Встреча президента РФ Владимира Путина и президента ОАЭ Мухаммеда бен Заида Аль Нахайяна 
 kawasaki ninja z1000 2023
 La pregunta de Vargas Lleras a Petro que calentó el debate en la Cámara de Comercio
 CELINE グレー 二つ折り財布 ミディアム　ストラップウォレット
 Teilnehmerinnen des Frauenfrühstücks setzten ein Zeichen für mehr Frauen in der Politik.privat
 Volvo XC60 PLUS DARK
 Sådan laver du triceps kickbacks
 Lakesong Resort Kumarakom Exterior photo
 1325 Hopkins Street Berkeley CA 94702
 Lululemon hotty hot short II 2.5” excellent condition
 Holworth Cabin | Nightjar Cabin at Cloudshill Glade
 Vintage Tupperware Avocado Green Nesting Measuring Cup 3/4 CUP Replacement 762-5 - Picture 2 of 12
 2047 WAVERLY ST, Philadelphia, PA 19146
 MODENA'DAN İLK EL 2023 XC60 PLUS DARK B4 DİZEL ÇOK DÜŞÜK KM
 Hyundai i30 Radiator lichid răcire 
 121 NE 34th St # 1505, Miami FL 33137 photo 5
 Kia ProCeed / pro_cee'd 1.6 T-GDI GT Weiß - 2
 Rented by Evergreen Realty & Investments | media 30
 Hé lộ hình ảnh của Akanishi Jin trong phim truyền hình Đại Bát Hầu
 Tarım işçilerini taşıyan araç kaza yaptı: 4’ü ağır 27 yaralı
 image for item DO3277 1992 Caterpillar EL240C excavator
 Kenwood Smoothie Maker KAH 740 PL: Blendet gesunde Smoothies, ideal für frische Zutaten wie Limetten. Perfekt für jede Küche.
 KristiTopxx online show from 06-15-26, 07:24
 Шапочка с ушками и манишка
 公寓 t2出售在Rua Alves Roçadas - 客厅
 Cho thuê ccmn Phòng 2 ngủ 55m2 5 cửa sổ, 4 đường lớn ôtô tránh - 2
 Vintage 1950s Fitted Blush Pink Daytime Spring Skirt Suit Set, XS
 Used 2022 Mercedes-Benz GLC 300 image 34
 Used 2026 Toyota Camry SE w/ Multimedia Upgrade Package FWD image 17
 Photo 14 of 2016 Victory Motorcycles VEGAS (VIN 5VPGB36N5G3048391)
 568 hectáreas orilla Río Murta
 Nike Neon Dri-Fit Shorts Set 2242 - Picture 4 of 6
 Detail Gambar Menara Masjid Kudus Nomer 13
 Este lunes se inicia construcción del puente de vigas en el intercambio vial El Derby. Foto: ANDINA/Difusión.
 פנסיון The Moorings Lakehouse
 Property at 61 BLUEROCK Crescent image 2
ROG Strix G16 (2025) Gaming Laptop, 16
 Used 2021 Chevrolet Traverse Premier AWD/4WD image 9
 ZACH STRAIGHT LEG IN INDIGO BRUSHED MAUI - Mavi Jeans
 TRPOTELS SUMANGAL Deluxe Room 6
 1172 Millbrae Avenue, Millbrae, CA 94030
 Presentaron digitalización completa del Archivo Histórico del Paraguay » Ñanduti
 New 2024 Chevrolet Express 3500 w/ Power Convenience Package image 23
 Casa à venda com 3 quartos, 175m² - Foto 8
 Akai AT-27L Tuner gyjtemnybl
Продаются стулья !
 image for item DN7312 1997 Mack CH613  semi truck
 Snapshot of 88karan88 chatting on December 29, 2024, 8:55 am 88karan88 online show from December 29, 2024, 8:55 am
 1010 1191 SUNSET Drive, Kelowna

□ □ □

Problem statement: Every record must be transcribed exactly, with no line skipped.

Answer:
Встреча президента РФ Владимира Путина и президента ОАЭ Мухаммеда бен Заида Аль Нахайяна 
 kawasaki ninja z1000 2023
 La pregunta de Vargas Lleras a Petro que calentó el debate en la Cámara de Comercio
 CELINE グレー 二つ折り財布 ミディアム　ストラップウォレット
 Teilnehmerinnen des Frauenfrühstücks setzten ein Zeichen für mehr Frauen in der Politik.privat
 Volvo XC60 PLUS DARK
 Sådan laver du triceps kickbacks
 Lakesong Resort Kumarakom Exterior photo
 1325 Hopkins Street Berkeley CA 94702
 Lululemon hotty hot short II 2.5” excellent condition
 Holworth Cabin | Nightjar Cabin at Cloudshill Glade
 Vintage Tupperware Avocado Green Nesting Measuring Cup 3/4 CUP Replacement 762-5 - Picture 2 of 12
 2047 WAVERLY ST, Philadelphia, PA 19146
 MODENA'DAN İLK EL 2023 XC60 PLUS DARK B4 DİZEL ÇOK DÜŞÜK KM
 Hyundai i30 Radiator lichid răcire 
 121 NE 34th St # 1505, Miami FL 33137 photo 5
 Kia ProCeed / pro_cee'd 1.6 T-GDI GT Weiß - 2
 Rented by Evergreen Realty & Investments | media 30
 Hé lộ hình ảnh của Akanishi Jin trong phim truyền hình Đại Bát Hầu
 Tarım işçilerini taşıyan araç kaza yaptı: 4’ü ağır 27 yaralı
 image for item DO3277 1992 Caterpillar EL240C excavator
 Kenwood Smoothie Maker KAH 740 PL: Blendet gesunde Smoothies, ideal für frische Zutaten wie Limetten. Perfekt für jede Küche.
 KristiTopxx online show from 06-15-26, 07:24
 Шапочка с ушками и манишка
 公寓 t2出售在Rua Alves Roçadas - 客厅
 Cho thuê ccmn Phòng 2 ngủ 55m2 5 cửa sổ, 4 đường lớn ôtô tránh - 2
 Vintage 1950s Fitted Blush Pink Daytime Spring Skirt Suit Set, XS
 Used 2022 Mercedes-Benz GLC 300 image 34
 Used 2026 Toyota Camry SE w/ Multimedia Upgrade Package FWD image 17
 Photo 14 of 2016 Victory Motorcycles VEGAS (VIN 5VPGB36N5G3048391)
 568 hectáreas orilla Río Murta
 Nike Neon Dri-Fit Shorts Set 2242 - Picture 4 of 6
 Detail Gambar Menara Masjid Kudus Nomer 13
 Este lunes se inicia construcción del puente de vigas en el intercambio vial El Derby. Foto: ANDINA/Difusión.
 פנסיון The Moorings Lakehouse
 Property at 61 BLUEROCK Crescent image 2
ROG Strix G16 (2025) Gaming Laptop, 16
 Used 2021 Chevrolet Traverse Premier AWD/4WD image 9
 ZACH STRAIGHT LEG IN INDIGO BRUSHED MAUI - Mavi Jeans
 TRPOTELS SUMANGAL Deluxe Room 6
 1172 Millbrae Avenue, Millbrae, CA 94030
 Presentaron digitalización completa del Archivo Histórico del Paraguay » Ñanduti
 New 2024 Chevrolet Express 3500 w/ Power Convenience Package image 23
 Casa à venda com 3 quartos, 175m² - Foto 8
 Akai AT-27L Tuner gyjtemnybl
Продаются стулья !
 image for item DN7312 1997 Mack CH613  semi truck
 Snapshot of 88karan88 chatting on December 29, 2024, 8:55 am 88karan88 online show from December 29, 2024, 8:55 am
 1010 1191 SUNSET Drive, Kelowna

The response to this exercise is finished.